After adding this print, this is what I have found if the Mode in the preprocessing function is 'train' or 'eval', the output of example aligns with what you mentioned, `example (from create_single_problem_single_instance function) -> ({'a': ['we', 'Should', 'be', 'optimistic', 'about', 'the', 'future', '.'], 'b': ['Anything', 'that', 'improves', 'rush', 'hour', 'traffic', 'ca', "n't", 'be', 'all', 'that', 'bad', '.']}, 0) tokens (from add_special_tokens_with_seqs function)-> ['[CLS]', 'we', 'should', 'be', 'op', '##timi', '##stic', 'about', 'the', 'future', '.', '[SEP]', 'anything', 'that', 'improve', '##s', 'rus', '##h', 'hour', 'traffic', 'ca', 'n', "##'", '##t', 'be', 'all', 'that', 'bad', '.', '[SEP]']

But when the mode is 'infer', right before printing the accuracies of the particular task, there is no print of 'example', and tokens become like this -> tokens -> ['[CLS]', 'a', 'b', '[SEP]'] Also, for the same dataset and same split, previously I got 76% accuracy with BERT model, but with the multitask setting, for that same task alone, I am getting only 48.71% accuracy. `

JayYip commented 4 years ago

But when the mode is 'infer', right before printing the accuracies of the particular task, there is no print of 'example', and tokens become like this -> tokens -> ['[CLS]', 'a', 'b', '[SEP]']
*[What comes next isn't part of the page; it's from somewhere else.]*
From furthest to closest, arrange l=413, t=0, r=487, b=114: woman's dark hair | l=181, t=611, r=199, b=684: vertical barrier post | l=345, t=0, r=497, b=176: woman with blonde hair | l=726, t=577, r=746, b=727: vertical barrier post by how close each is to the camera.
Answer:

This is a bug. I'll fix it later.

Also, for the same dataset and same split, previously I got 76% accuracy with BERT model, but with the multitask setting, for that same task alone, I am getting only 48.71% accuracy.

That's weird. Maybe it's caused by another bug. Could you provide more info?

JayYip commented 4 years ago

Sorry, accidentally closed. Reopen now.